Train each model in the bagging ensemble with random samples of data from the training data set. The method of taking random samples from a data set with replacement is referred to as Bootstrapping.

In addition, each model is trained with a random subset of feature variables from the training data set. If $N$ is the total number of feature variables in the data set, then as a general rule of thumb, one would randomly select $\sqrt{N}$ number of features for each model in the ensemble for classification problems AND $\large{\frac{N}{3}}$ number of features for each model in the ensemble for regression problems.

The illustration below depicts this step:

Figure.1

Note that with bootstrapping, it is possible that some samples appear more than once and some samples are never chosen. The unselected (or unseen) samples are referred to as Out of Bag samples.

The illustration below depicts an example of Out of Bag samples:

Figure.2

The Bagging technique can internally use the out of bag samples to perform validation on the ensemble model.
To predict the outcome for a new data sample, evaluate the sample through each of the trained models in the ensemble in parallel.

The illustration below depicts this step:

Figure.3
Aggregate the individual predictions from each of the trained models in the ensemble. For classification problems, the aggregation method is mode (majority vote) and for regression problems, the aggregation method is mean (average).

The illustration below depicts this step:

Figure.4

One of the popular machine learning algorithms using the bagging method is Random Forest.

The following are the details behind the boosting technique:

Add an additional feature to the training data set which represents the weight of each of the samples in the training data set. During training of the model, these weights influence which samples the model should focus on more - more the weight, more the focus. Initialize the weights to the same value for all the samples in the training data set.
Pass the training data set through the first Weak Model to fit. Think of the Weak Model as a very simple Decision Tree of depth one, meaning, the tree has a decision node and two leaves. This is often referred to as a Decision Stump.

The illustration below depicts this step:

Figure.5

The weak model may accurately predict for some samples (the blue square in the green region) and poorly for the other remaining samples (other shapes in the blue region).
Adjust the weights of the samples in the training data set based on the predictions from the previous weak model. The weights of the samples predicted corrected is DECREASED and the weights of the samples with errors is INCREASED.
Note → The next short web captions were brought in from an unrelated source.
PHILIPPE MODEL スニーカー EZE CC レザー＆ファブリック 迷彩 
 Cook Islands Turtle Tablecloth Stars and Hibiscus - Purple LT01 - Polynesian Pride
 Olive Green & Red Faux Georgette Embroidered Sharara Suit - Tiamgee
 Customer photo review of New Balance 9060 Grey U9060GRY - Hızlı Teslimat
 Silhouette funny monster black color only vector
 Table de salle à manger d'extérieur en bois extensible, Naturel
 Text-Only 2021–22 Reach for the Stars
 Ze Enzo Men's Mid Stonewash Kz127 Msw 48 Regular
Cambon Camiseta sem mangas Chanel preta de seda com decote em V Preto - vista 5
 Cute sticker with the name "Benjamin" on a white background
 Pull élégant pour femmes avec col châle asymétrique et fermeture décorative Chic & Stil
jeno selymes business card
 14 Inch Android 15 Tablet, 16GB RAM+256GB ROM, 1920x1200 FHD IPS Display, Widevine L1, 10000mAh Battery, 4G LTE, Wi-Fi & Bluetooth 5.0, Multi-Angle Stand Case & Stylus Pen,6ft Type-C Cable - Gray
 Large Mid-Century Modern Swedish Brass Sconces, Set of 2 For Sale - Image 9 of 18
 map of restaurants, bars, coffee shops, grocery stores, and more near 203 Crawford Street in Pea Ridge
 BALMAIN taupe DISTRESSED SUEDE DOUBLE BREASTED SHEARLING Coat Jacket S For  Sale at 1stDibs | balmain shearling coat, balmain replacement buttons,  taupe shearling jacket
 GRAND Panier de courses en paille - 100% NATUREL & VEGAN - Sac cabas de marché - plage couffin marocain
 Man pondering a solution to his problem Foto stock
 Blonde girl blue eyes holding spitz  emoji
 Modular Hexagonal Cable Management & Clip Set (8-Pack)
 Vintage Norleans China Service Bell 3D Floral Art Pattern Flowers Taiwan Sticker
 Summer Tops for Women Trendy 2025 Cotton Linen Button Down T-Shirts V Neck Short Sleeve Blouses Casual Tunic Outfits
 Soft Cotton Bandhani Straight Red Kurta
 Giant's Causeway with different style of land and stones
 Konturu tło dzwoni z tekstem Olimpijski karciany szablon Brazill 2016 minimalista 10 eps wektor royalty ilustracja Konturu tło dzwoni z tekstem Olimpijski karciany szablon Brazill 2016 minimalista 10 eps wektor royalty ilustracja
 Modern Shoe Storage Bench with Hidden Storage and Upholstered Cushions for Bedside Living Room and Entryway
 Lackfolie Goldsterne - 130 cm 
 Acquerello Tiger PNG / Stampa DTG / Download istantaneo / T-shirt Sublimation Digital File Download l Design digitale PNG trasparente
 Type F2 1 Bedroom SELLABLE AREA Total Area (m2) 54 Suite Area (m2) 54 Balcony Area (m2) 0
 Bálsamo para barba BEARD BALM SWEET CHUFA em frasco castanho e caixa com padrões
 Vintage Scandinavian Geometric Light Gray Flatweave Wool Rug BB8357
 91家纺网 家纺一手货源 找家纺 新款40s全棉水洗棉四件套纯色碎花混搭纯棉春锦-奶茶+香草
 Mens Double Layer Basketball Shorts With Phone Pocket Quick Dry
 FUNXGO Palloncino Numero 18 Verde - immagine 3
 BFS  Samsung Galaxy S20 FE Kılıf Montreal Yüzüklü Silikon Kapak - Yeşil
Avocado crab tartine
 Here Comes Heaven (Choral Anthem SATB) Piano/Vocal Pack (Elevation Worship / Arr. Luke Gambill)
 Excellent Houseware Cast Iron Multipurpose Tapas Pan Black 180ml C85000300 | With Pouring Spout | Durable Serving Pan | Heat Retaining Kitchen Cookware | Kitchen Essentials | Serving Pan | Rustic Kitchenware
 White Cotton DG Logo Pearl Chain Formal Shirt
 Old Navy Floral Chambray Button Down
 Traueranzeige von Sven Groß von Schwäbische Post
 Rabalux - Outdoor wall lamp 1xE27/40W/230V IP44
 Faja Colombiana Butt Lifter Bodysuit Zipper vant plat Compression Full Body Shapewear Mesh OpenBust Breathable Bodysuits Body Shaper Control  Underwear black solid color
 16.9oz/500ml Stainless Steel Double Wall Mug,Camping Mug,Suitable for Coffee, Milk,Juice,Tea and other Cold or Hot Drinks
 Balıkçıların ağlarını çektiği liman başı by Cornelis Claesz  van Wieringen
The illustration below depicts this step:

Figure.6

Notice the size of the blue square in reduced since it was predicted correctly.
Pass the weight adjusted training data set through the next Weak Model to fit. Based on the prediction accuracy, once again adjust the weights of the samples in the training data set.

The illustration below depicts this step:

Figure.7

The general idea is that the next weak model will learn from the mistakes of the previous weak model.
Continue this process of adjusting the weights and training the next weak model until the errors are reduced or have reached a threshold.

The illustration below depicts this step:

Figure.8
To predict the outcome for a new data sample, pass the sample through each of the trained weak models in the ensemble (in sequence) for the target outcome.

Some of the popular machine learning algorithms using the boosting method are as follows:

AdaBoost
Gradient Boosting Machine
XGBoost